Here’s what we said after the pre-primary debates in Iowa:
True to form, the Republican establishment has reverted to a content-free campaign designed to destroy the opposition, without committing its favored candidate – former Massachusetts Governor Mitt Romney – to any ideas or platform.
Rove, like most establishment Republicans, is stuck in the aftermath of the 1964 Goldwater campaign and has internalized the notion that an unabashed conservative running on conservative principles can’t win the presidency.

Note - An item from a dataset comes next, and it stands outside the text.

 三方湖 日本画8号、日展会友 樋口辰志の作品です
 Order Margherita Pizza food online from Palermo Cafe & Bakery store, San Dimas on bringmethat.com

Therefore, he assumes that after a primary season of pandering to grassroots conservatives’ demands for a limited constitutional government, once the nomination is secured to win the General Election, the Republican candidate must switch gears and join the Democrats in a campaign based on who will be the best at dividing-up the spoils extorted from producers by the welfare state.
This recipe for Republican defeat is what the political elite calls “pivoting toward the center.” Normal Americans call it lying.
It is also the kind of political advice that rejects the two victories of Ronald Reagan, and the results of the 2010 Congressional election, in favor of a strategy that led to the defeat of John McCain, Bob Dole, Jerry Ford, George H.W. Bush and now Mitt Romney: appealing to moderate to liberal voters, while ignoring grassroots conservative concerns.
The disgraceful Republican defeats of 2012 were “pine on skull” all right, and the rap upside the head was there to tell Republicans to run on conservative principles, draw a sharp contrast with the Democrats, and, because they inevitably lead to defeat, to stop running the kind of content-free campaigns Rove and the Republican establishment favor.